Sample Compatibility & Compliance

The STA/TG-MS accommodates solid, powdered, or pelletized samples up to 500 mg in standard ceramic or platinum crucibles. It supports inert (N₂, Ar), oxidative (air, O₂), and reactive (H₂, CO, NH₃) atmospheres with flow control down to ±0.1 mL/min. All thermal modules comply with ISO 11357 (DSC), ISO 11358 (TGA), and ASTM E1131 (TGA) standards. The mass spectrometer meets IEC 61000-4 electromagnetic compatibility requirements. For regulated environments, the software platform supports audit trail logging, electronic signatures, and 21 CFR Part 11 compliance packages upon configuration—enabling use in GLP and GMP settings for pharmaceutical stability studies or polymer degradation validation.
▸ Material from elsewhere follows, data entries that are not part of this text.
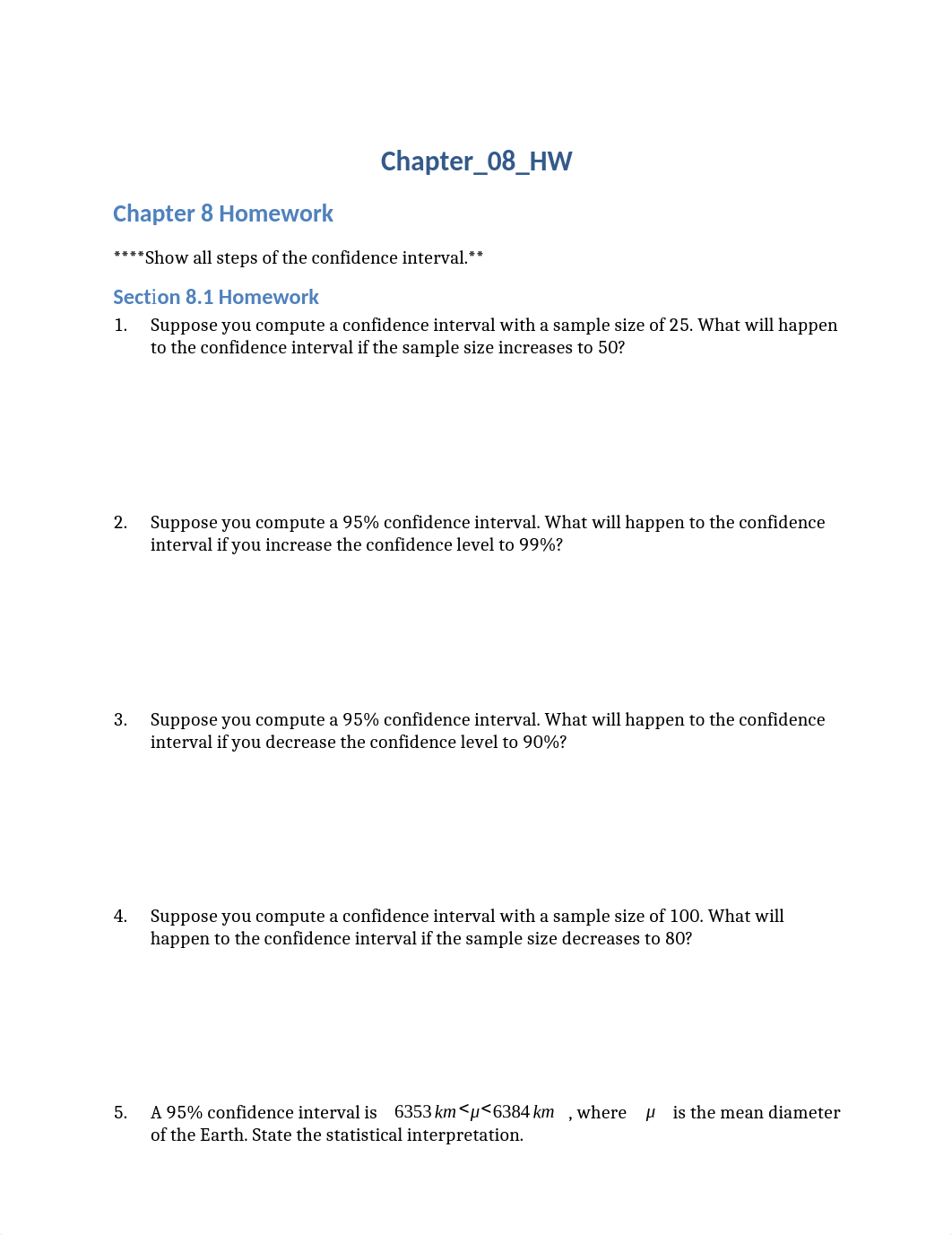 Chapter_08_HW.docx_dme7x61u5ih_page1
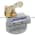 Honeywell BZV6-2RQ2 Limit Switch | Microswitch Product Image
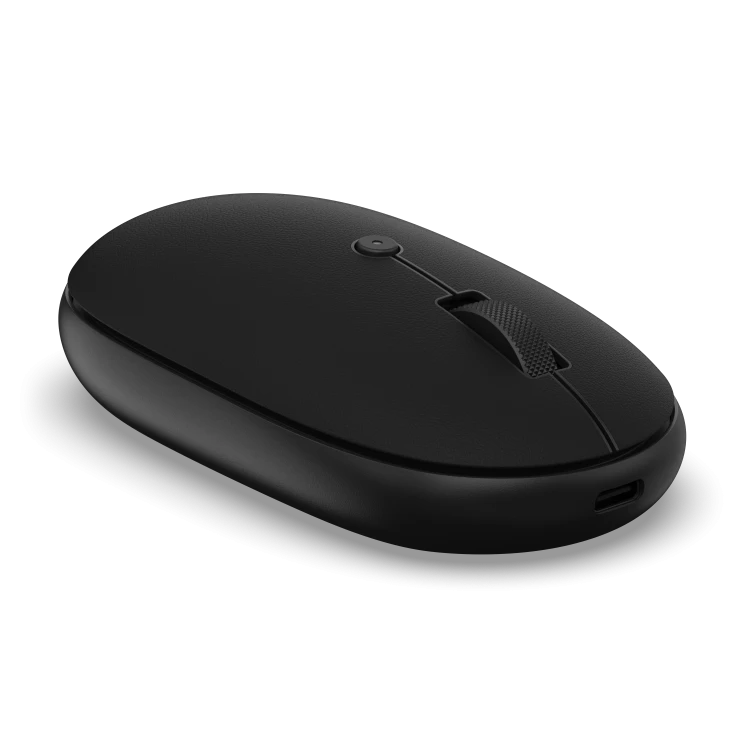 OntheGo Mouse Black 3000x3000 6.png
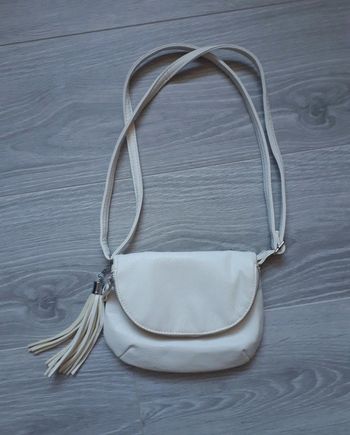 Petit sac à main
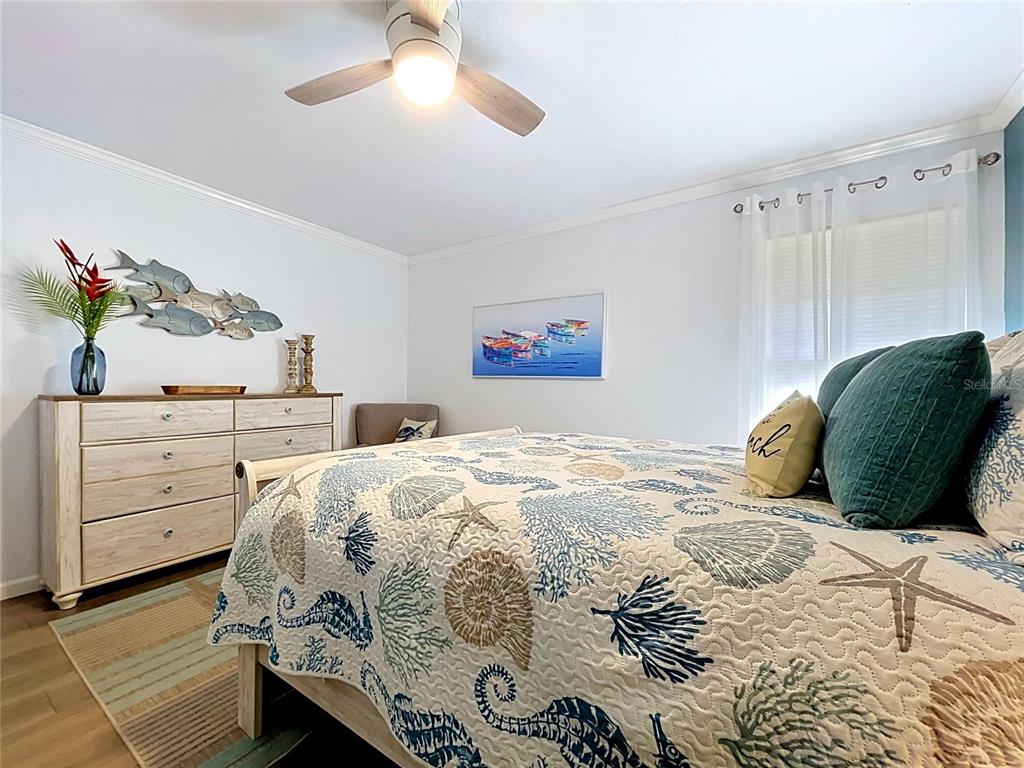 1006 Lennox Road West, Unit 1006 Palm Harbor, FL 34683 - Photo 25 of 44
Software & Data Management

NETZSCH Proteus® software serves as the unified control and evaluation environment. It provides synchronized method setup for both STA and QMS, including ramp-rate programming, step-isothermal holds, and MS scan parameter definition (dwell time, m/z range, cycle time). Raw data are stored in vendor-neutral HDF5 format with embedded metadata (instrument ID, calibration timestamps, operator credentials). Batch processing workflows support automated baseline correction, derivative calculation (DTG), and multi-peak fitting using Marquardt–Levenberg algorithms. Export options include CSV, ASCII, and XML formats compatible with third-party chemometric platforms (e.g., MATLAB, Python pandas, SIMCA).

Applications

• Decomposition mechanism elucidation in metal–organic frameworks (MOFs) and coordination polymers.
• Residual solvent quantification and desorption kinetics in API intermediates per ICH Q5C guidelines.
• Oxidative stability assessment of lithium-ion battery cathode materials under air/O₂ sweeps.
• Pyrolysis product profiling of biomass-derived chars and carbon precursors.
• Identification of volatile impurities in silicone elastomers and medical-grade polymers.
• In-situ monitoring of precursor-to-oxide conversion in sol–gel synthesis (e.g., Ti(OiPr)₄ → TiO₂).

FAQ

Can the STA/TG-MS operate in standalone mode?
Yes—the thermal analyzer and mass spectrometer can be operated independently, allowing routine TGA/DSC or QMS analysis without coupling.
Is SKIMMER® interface required for all applications?
No; the capillary interface suffices for low-to-medium volatility species (e.g., H₂O, CO₂, CH₄). SKIMMER® is recommended for heavy organics, oligomers, or metal carbonyls prone to condensation below 350 °C.
How is calibration performed for quantitative MS signal?
Calibration employs certified gas mixtures (e.g., NIST-traceable CO₂/N₂ blends) and/or dynamic vapor generation systems; sensitivity factors are stored per m/z channel and applied during post-processing.
Does the system support reactive gas atmospheres during MS detection?
Yes—gas switching is programmable within Proteus®, and the heated transfer path maintains integrity during transitions between inert and reactive gases.
What data security features are available for regulated labs?
Optional 21 CFR Part 11 add-on includes role-based access control, immutable audit trails, electronic signature capture, and encrypted database backups—validated per internal IQ/OQ protocols.